ASSIGNMENT —
Starting with the line that holds "Then SRC equals, and" and stopping after the line that holds "There's also insert", repeat the lines below word for word, without the pictures.

RECORDS FOR THIS EXERCISE —

+++

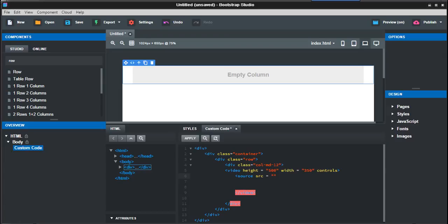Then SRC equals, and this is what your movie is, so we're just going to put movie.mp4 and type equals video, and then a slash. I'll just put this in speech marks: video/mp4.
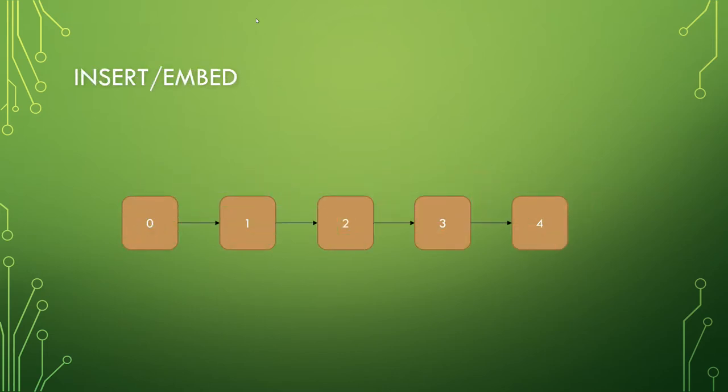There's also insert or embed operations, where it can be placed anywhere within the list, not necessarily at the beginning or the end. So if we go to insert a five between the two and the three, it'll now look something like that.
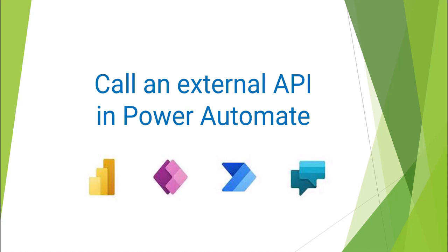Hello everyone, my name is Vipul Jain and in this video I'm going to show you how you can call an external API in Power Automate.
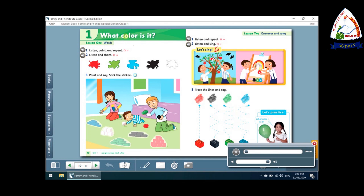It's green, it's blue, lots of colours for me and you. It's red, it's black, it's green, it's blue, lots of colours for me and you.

+++

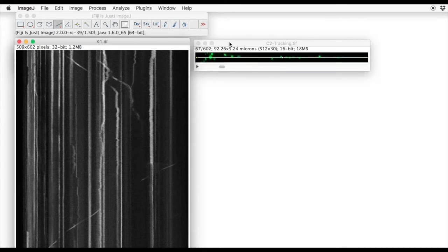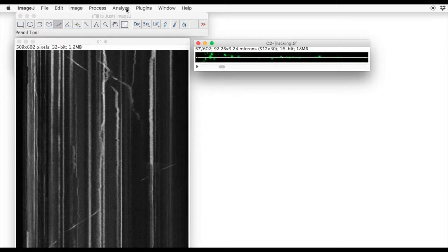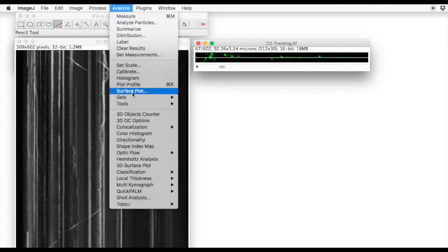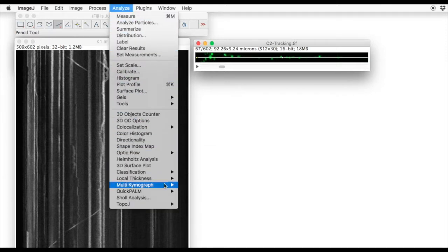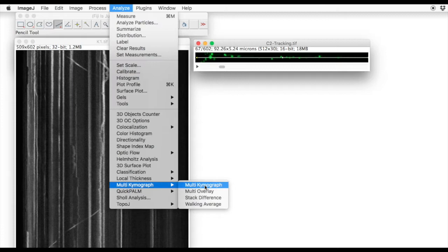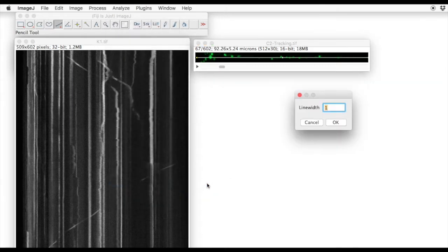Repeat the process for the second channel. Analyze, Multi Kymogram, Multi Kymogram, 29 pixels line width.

+++

RESPONSE TO THE TASK —
Then SRC equals, and this is what your movie is, so we're just going to put movie.mp4 and type equals video, and then a slash. I'll just put this in speech marks: video/mp4.
There's also insert or embed operations, where it can be placed anywhere within the list, not necessarily at the beginning or the end. So if we go to insert a five between the two and the three, it'll now look something like that.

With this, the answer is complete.